In the lesson described in the first article, some of the student comments were: “We were right!,” “Let’s hurry up and test the shapes to see if we are right!,” and “All the angles put together make a straight line!” The buzz and the excitement in the lessons illustrated that mathematics can be generated from student actions and reflections on those actions.

English language learners and their teachers can all benefit from the learning inherent in their own actions (i.e., the tearing up and joining of vertices of triangles and quadrilaterals). There are many angles for students to learn and teachers to teach. This second article in the series documents the remarks, perceptions and learning among the teachers observing the lesson that was the focus of the first article. Furthermore, this article illustrates the “discipline of noticing” the reflections of teachers about teaching what they observe (Mason, 2002). These reflections are integrated into teaching practice.

Debriefing the Lesson

The Intercultural Development Research Association (IDRA) hosted an event recently for teachers participating in its ExCELS project. ExCELS (Educators x Communities = English Language learners’ Success) is an innovative professional development program that creates learning communities of schools, families and communities for English language learners’ academic success. Two secondary schools in San Antonio are the partner schools in this U.S. Department of Education Title VII program.
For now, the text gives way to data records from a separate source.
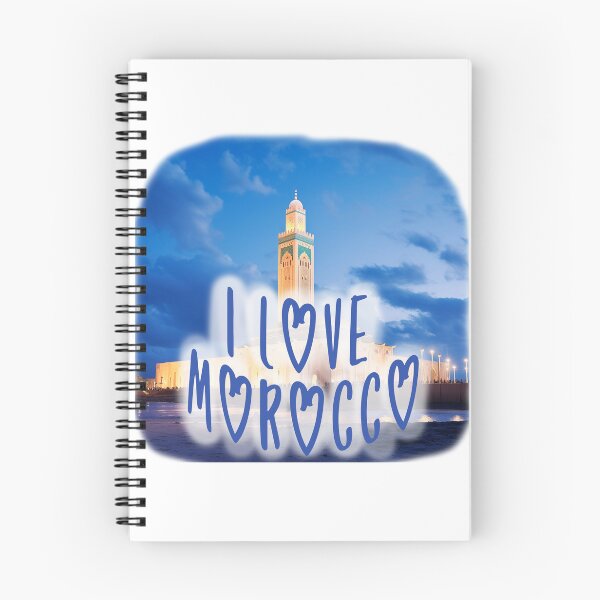 Artikelvorschau, Moschee - I Love Morocco entworfen und verkauft von NSH Web.
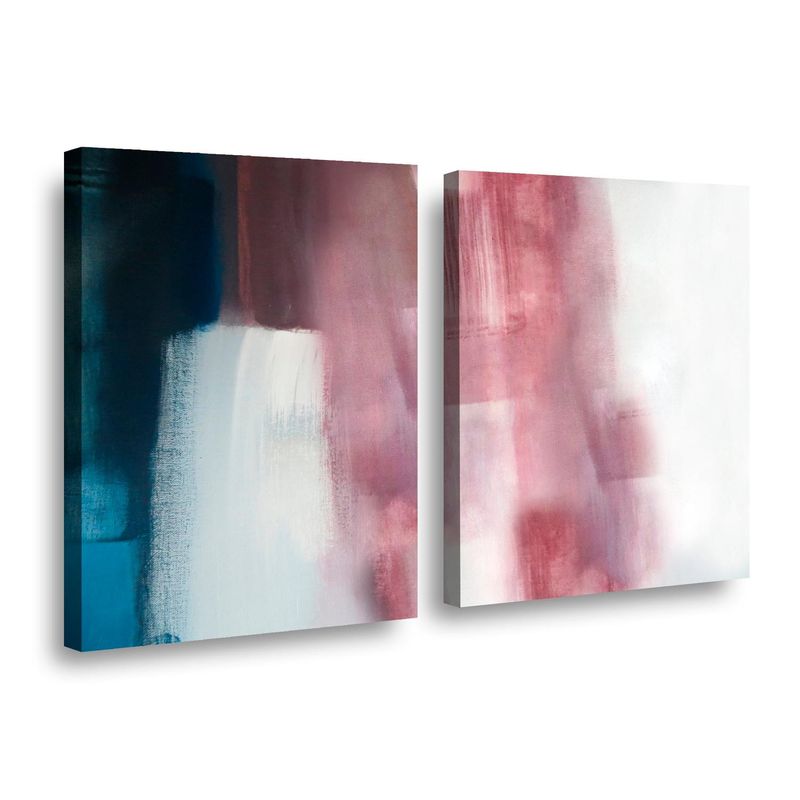 RETELA - Canvas duo Degradé - Multicolor - 60x40 cm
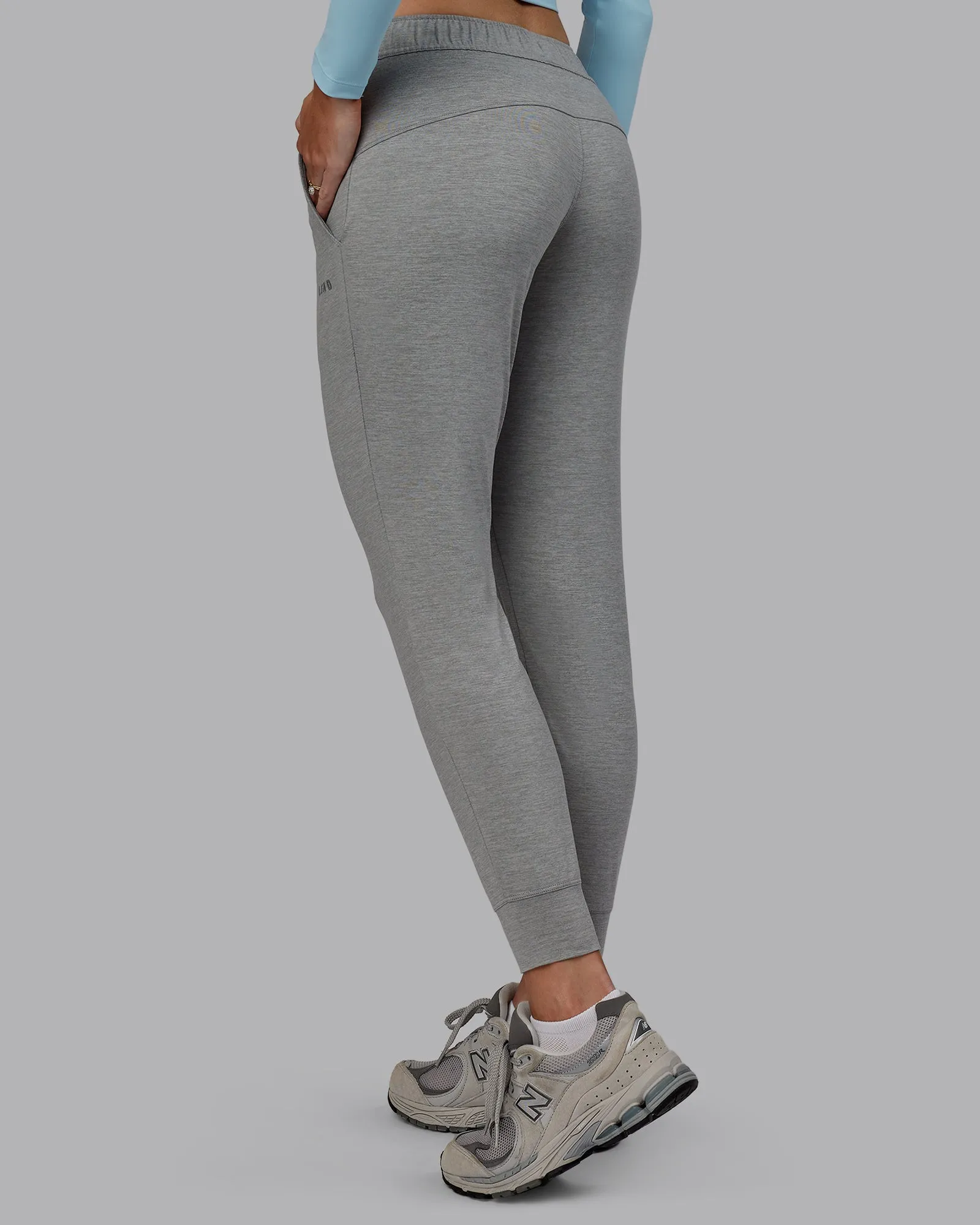Restore CloudFLX Jogger - Light Grey Marl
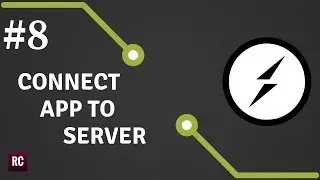Socket.io & WebSockets #8 -  Connect Live Visitors App to Server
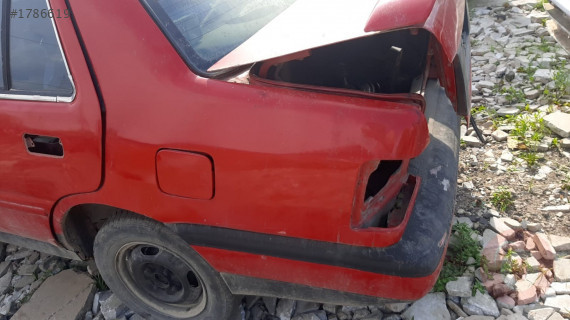 hyundai excel 1.5 çıkma sol arka çamurluk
Below is an account of ExCELS teachers that reflects the kind of shared teaching experiences and professional conversations held in the program. These experiences and conversations lead to a deepening of teachers’ ability to notice and serve English language learners.

The lesson, documented in the previous article, happened during a regular 50-minute class period. The trainer was modeling the lesson with another teacher’s sixth-grade class. There were four teachers observing the class. The teachers and the facilitator met immediately after the class for a 45-minute debriefing session. Teacher and facilitator comments for the three lessons – triangles, quadrilaterals and assessment – are summarized below.

Triangle Lesson

The first teacher reflected, “As teachers we often forget to tell students why we are teaching what we’re teaching.”

Establishing relevancy is important though usually excluded from a math lesson. When the teacher does not help students make connections, it perpetuates students’ perception of math as capricious and arbitrary.

Another teacher said, “I didn’t realize that we could integrate metacognitives in the lesson with all types of students.”

Another added, “I see now how a language objective helps me make sure that my students can communicate the mathematics they’re learning.”

Lesson objectives must integrate math content objectives, language objectives and metacognitive objectives. This integration is essential for academic language development.

A teacher stated, “All the students were talking about the math problem.”

Small group work gave students opportunities to practice and listen to English language conversations with peers and with the instructor. Language is the means for learning the content and facility in using the language, but the main focus is on the mathematical ideas. Careful construction and facilitation of mathematical tasks allows for meaningful conversation where language is a vehicle for developing content-based ideas in natural student talk.

Another teacher observed, “It seems that the students’ favorite part was in tearing up the triangles and quadrilaterals.”

Materials that students can use and tear up are useful in teaching geometric concepts.

Quadrilateral Lesson

A teacher commented, “The review was beneficial because it got everybody to retrace their steps and think about what they had done.”

The mini-review helps students connect the activity to the mathematical conjecture and verification process of knowing and doing mathematics.

One teacher said, “The students were hurrying to test out the hypothesis with the quadrilaterals.”

Students’ restatements reinforced predicting-testing-validating as mathematical inquiry and meaning-making.

Another teacher said, “I had never seen these students thinking like mathematicians.”

Routinizing the process of mathematical exploration facilitates grasping increasingly complex mathematical shapes and properties.

A teacher stated, “There was anticipation in the air and the room was buzzing with ideas.”

Another added, “Students were excited because the task was doable and yet not obvious.”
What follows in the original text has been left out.